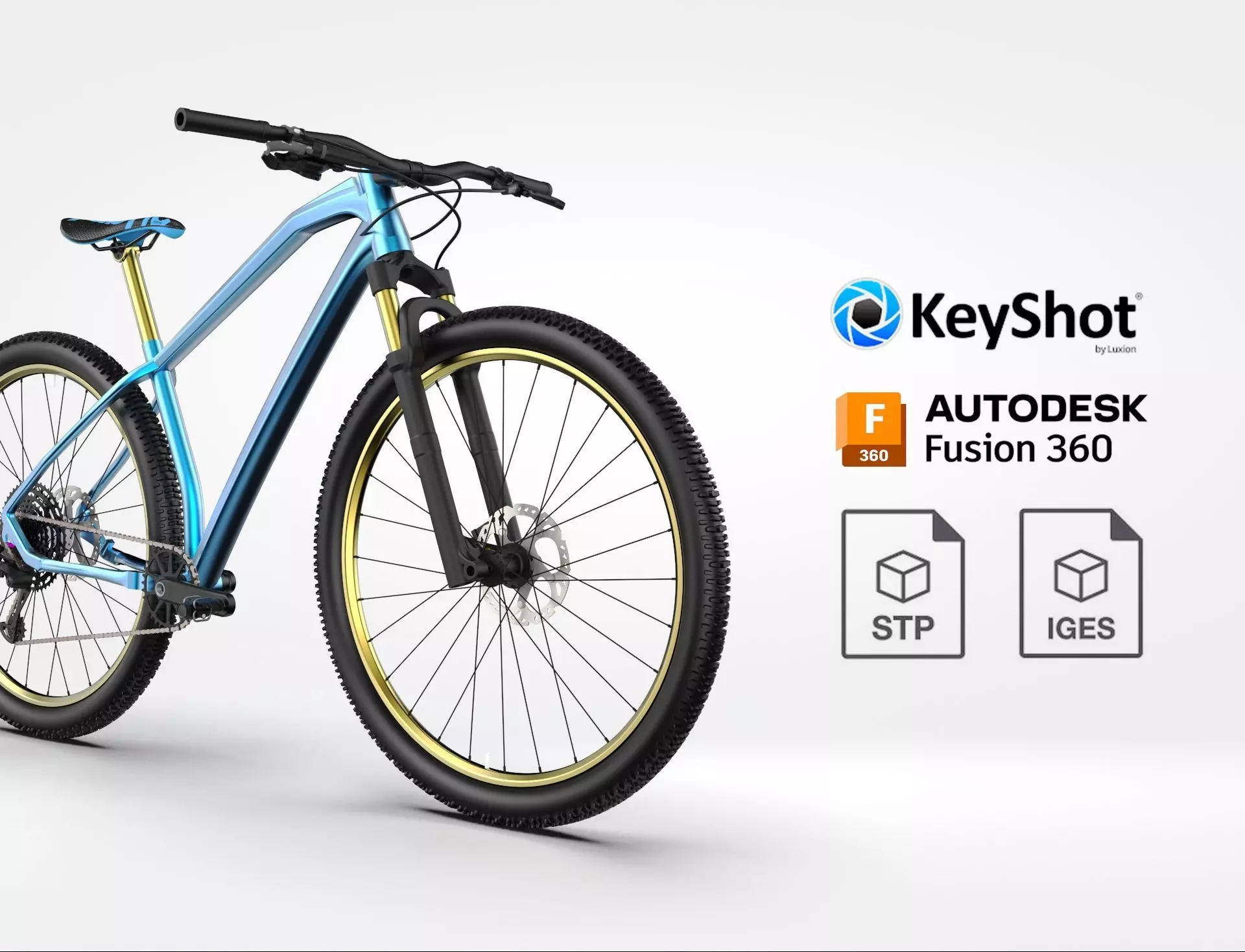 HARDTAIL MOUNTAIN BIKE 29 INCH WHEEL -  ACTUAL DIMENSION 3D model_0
* * *
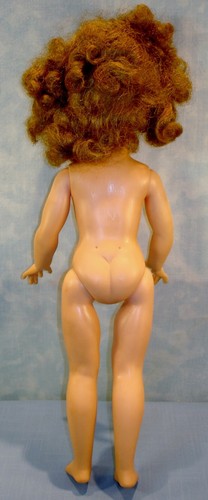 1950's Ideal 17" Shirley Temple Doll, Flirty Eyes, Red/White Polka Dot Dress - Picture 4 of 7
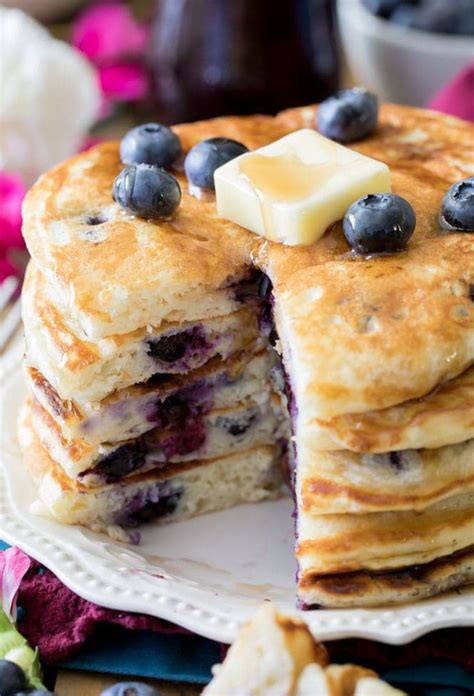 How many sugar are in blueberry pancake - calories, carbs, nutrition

[ACTION ITEM] Exactly the lines above from the one that contains "Picture 4 of 7" down to the one that contains "How many sugar" are to be output, both ends kept and pictures omitted.

[SOLUTION TO THE EXERCISE]
 1950's Ideal 17" Shirley Temple Doll, Flirty Eyes, Red/White Polka Dot Dress - Picture 4 of 7
 How many sugar are in blueberry pancake - calories, carbs, nutrition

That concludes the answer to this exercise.